Adaptive Real-Time Magnetic Field Tracking beyond Prior Waveform Constraints

TL;DR

This paper presents an adaptive extended Kalman filter framework for real-time magnetic field estimation in quantum systems, overcoming noise constraints and improving tracking of weak, dynamic signals.

Contribution

The authors develop a novel adaptive estimation method that reduces model dependence and enhances real-time magnetic field tracking beyond traditional noise limits.

Findings

Successfully tracks weak magnetic signals beyond conventional sensitivity.

Validates the approach through numerical simulations and experiments.

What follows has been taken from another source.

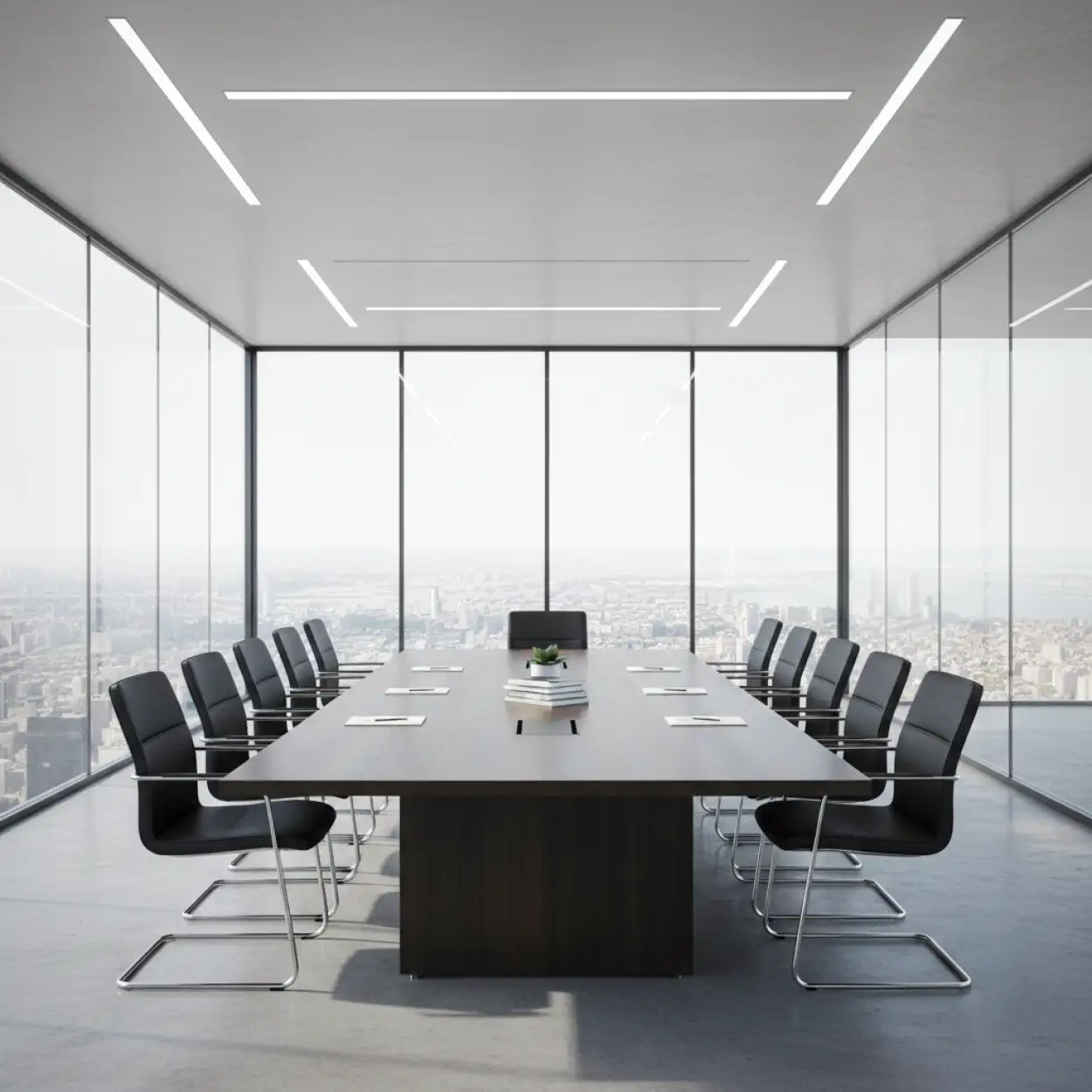 Free Download Professional Office Interior Background Image - High Quality Office Interior Design Background Background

Overcomes measurement noise constraints of standard filtering methods.

Abstract

The extraction of weak signals plays a crucial role in quantum precision measurement, where the estimation results are often limited by low signal-to-noise ratios. Here, we demonstrate a parameter-estimation framework based on the adaptive extended Kalman filter for dynamic magnetic-field estimation in quantum systems using spin-noise measurements -- a challenging regime characterized by weak signals. By modeling the magnetic field as an unknown parameter, the proposed approach alleviates model dependence in state estimation. Furthermore, by introducing an adaptive algorithm with real-time noise estimation, our method overcomes the measurement noise intensity constraints of conventional extended Kalman filtering and enhances its practical applicability. Numerical simulations covering three representative magnetic-field dynamics validate the capability of the proposed framework, while experimental results demonstrate successful tracking of a seismo-magnetic-like signal beyond the intrinsic sensitivity of conventional spin-noise spectroscopy.